Here is what this study found. Drinking bicarb for a couple of weeks changed the internal splenic macrophages from a population of mostly M1 macrophages (turn on inflammation) to M2 macrophages (Turn off inflammation). Considering that the spleen is the main repository for immune cells waiting for dispatch, that effect is pretty meaningful. What is unique is that the message is transmitted through the wall of the stomach, via these mesothelial cells, into the wall of the spleen via its mesothelial cells with a result of lowered inflammatory response. Macrophages are typically known for gobbling up garbage from old, dead, dysfunctional tissue and they are some of the first to arrive on the scene in inflammation to clean up the “battlefield” of dead and dying tissue. Autoimmune diseases are thought to be a whole scene of dysfunctional, overreactive inflammation and activation of macrophages. Turning them off is a key thing.

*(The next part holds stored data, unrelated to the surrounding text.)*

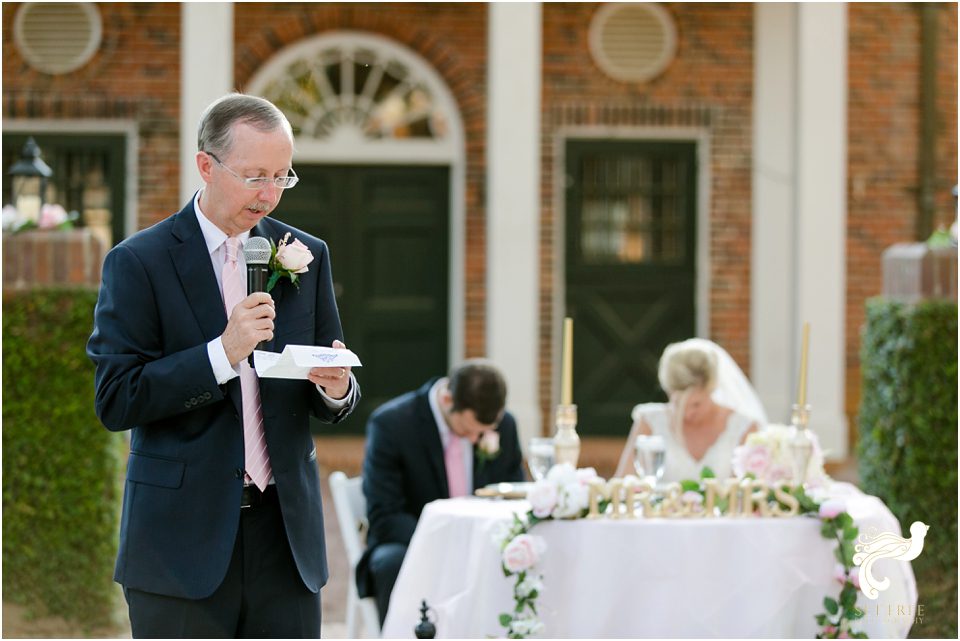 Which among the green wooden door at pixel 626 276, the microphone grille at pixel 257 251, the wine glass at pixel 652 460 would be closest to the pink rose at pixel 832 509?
the wine glass at pixel 652 460

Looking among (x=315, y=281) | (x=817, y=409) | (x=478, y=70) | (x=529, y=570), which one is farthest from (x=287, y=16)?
(x=315, y=281)

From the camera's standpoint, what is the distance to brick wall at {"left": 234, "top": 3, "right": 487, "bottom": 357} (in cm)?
1123

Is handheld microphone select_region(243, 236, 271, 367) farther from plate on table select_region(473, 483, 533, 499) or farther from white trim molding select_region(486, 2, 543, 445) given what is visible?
white trim molding select_region(486, 2, 543, 445)

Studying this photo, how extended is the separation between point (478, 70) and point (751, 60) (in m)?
2.32

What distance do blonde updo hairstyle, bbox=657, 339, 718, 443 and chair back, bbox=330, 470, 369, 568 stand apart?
1.43 meters

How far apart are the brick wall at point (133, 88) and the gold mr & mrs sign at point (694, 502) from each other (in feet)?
24.1

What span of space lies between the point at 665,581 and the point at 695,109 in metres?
7.54

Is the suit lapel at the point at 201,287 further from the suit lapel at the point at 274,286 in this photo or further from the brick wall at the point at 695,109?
the brick wall at the point at 695,109

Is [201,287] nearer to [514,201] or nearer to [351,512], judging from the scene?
[351,512]

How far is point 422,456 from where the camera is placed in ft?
17.1

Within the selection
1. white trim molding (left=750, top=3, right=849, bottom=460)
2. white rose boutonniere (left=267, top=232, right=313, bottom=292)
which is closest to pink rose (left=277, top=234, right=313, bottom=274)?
white rose boutonniere (left=267, top=232, right=313, bottom=292)

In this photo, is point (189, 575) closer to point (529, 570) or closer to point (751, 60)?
point (529, 570)

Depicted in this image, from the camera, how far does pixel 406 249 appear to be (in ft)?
37.5

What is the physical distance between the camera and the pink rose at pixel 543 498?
433cm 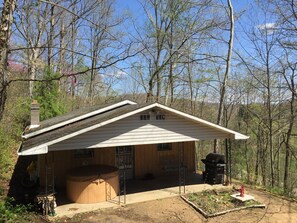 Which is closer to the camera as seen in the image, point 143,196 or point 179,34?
point 143,196

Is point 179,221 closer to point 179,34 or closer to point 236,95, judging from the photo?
point 179,34

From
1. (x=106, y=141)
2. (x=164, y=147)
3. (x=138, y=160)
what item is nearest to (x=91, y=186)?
(x=106, y=141)

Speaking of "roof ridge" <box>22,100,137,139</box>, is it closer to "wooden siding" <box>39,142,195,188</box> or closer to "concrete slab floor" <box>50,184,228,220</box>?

It’s not just macrophages but also Treg cells that get altered with bicarb. Treg cells are supposed to be regulators of immune response and help dial it down. This dialing down is helpful at controlling weird autoimmune reactivity too. And this also occurs because of the messages from those mesothelial cells putting out acetylcholine, acting almost like nerve cells even though they are lining cells of organs. Strange cross over reactivity.

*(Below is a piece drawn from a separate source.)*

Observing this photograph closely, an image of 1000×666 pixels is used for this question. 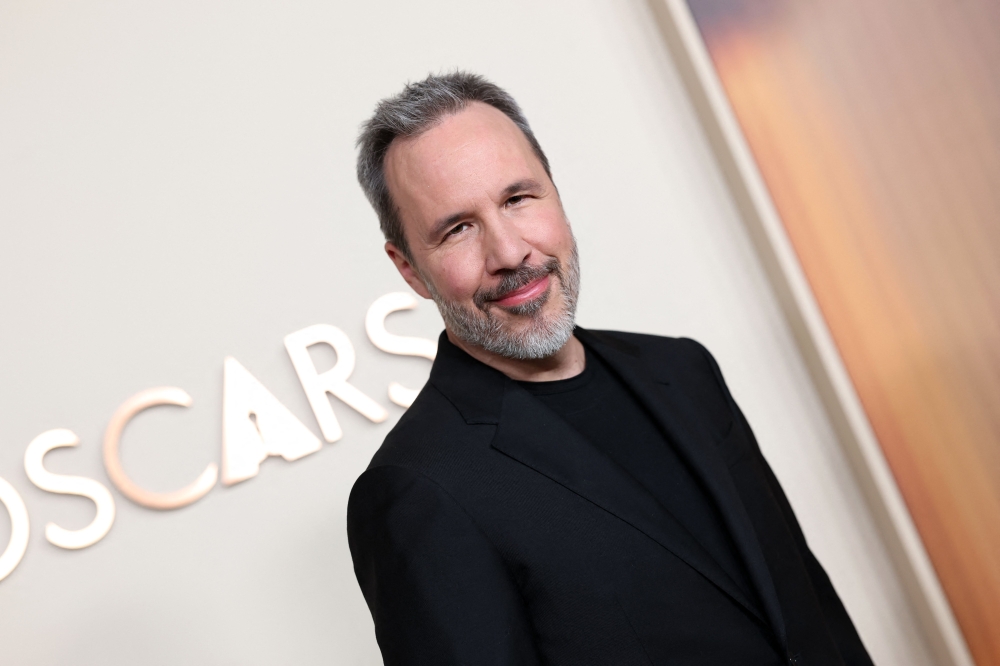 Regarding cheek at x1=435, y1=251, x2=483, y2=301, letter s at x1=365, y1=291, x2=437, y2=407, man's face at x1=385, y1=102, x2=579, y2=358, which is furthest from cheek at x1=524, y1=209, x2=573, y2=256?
letter s at x1=365, y1=291, x2=437, y2=407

Where does alkaline predilection come from? Through most of human history, we were vegans, starting to eat meat just a few million years ago when our brains started getting bigger and needed animal energy to power them. Animal protein has lots of sulfur in it making for a biological ash of acid when all is digested and done. Plant sourced food ends up making alkali with all the magnesium and potassium salts. Most of our biological processes evolved in an alkaline environment. The range and intricacy of our immune function is all founded on an alkaline milieux. Animal food, hence acid, is new. You can measure this in yourself. Eat a diet of pure green vegetables for a week and measure your urinary pH. It will be above 7. Have some cheese and steak and watch your urine pH plummet to 5.5. Every drug store carries pH sticks you can measure on your own.  Ten servings of vegetables is about 1 tsp of bicarb.  Simple

WWW.what will work for me. Considering how much of the Longevity Diet by Longo is based on vegetables, we may find that part of its power comes from shifting the immune response from inflammatory, to anti-inflammatory. Here is a clue that we are probably all better served with more vegetables. Their alkaline salts help you out. So, I ordered doubled vegetables for dinner last night instead of a potato. Then the blooming onion hors d’oeuvres did me in. I’m not sure it really counts as a vegetable.

 

Pop Quiz

  1. Your internal organs are lined by what type of cells?                         Answer: Mesothelial cells
  2. Mesothelial cells are lined by what cellular feature?                          Answer: Tiny fingers called “microvilli”.
  3. This article says these cells do what?                                                    Answer:  The communicate across organs and down regulate inflammatory immune response
  4. What class of diseases is this particularly useful?                               Answer:  Autoimmune in which there appears to be unregulated inflammation.
  5. You can get the same effect of a tsp of bicarb by eating what type of food?                 Answer:  LOTS of vegetables, green in particular.  Roots won’t do it as well, if at all.